**EXERCISE DIRECTIONS:** Give back exactly the line that contains "arc patio umbrellas" and all the lines after it in the records below, to the very last, with no other output.

**Web page caption snippets:**
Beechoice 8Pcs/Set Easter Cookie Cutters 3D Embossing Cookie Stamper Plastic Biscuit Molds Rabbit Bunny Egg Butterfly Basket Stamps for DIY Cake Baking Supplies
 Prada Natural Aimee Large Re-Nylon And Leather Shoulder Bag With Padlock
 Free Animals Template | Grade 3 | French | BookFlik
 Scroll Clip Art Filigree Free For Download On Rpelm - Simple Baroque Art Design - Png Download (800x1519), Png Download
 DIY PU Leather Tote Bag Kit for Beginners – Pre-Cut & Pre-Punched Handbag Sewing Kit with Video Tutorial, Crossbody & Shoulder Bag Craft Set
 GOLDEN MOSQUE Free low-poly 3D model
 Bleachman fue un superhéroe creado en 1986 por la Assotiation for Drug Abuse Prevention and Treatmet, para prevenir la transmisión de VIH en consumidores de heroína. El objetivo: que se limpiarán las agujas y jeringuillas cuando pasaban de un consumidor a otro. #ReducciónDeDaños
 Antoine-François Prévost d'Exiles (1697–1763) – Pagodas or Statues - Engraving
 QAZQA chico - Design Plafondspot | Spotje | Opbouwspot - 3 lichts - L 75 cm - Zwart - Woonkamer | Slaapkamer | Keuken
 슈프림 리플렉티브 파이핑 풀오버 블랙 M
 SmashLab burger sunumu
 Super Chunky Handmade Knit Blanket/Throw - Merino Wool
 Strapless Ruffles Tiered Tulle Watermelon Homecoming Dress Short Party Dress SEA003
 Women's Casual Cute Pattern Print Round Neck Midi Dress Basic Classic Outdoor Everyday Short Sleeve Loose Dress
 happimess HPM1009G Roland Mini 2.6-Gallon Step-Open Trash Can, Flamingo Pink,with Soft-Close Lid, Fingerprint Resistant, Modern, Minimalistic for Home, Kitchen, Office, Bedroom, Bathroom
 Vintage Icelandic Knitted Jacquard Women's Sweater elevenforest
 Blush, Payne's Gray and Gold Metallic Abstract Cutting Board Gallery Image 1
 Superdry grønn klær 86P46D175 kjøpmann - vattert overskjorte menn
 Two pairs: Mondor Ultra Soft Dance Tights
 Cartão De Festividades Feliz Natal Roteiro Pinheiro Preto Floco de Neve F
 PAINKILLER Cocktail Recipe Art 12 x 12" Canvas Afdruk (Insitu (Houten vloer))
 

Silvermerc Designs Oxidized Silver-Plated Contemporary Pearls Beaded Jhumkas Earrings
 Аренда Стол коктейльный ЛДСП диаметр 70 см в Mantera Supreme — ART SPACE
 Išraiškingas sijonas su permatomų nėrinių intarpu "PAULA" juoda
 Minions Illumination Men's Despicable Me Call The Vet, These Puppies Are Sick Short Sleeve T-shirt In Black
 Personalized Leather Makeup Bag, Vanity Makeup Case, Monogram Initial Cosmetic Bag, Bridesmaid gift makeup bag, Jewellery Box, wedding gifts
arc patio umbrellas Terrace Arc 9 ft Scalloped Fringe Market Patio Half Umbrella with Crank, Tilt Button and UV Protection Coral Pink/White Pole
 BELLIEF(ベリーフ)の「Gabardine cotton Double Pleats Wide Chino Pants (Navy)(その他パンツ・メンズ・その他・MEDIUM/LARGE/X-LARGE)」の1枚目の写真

**REPLY TO THE TASK:**
arc patio umbrellas Terrace Arc 9 ft Scalloped Fringe Market Patio Half Umbrella with Crank, Tilt Button and UV Protection Coral Pink/White Pole
 BELLIEF(ベリーフ)の「Gabardine cotton Double Pleats Wide Chino Pants (Navy)(その他パンツ・メンズ・その他・MEDIUM/LARGE/X-LARGE)」の1枚目の写真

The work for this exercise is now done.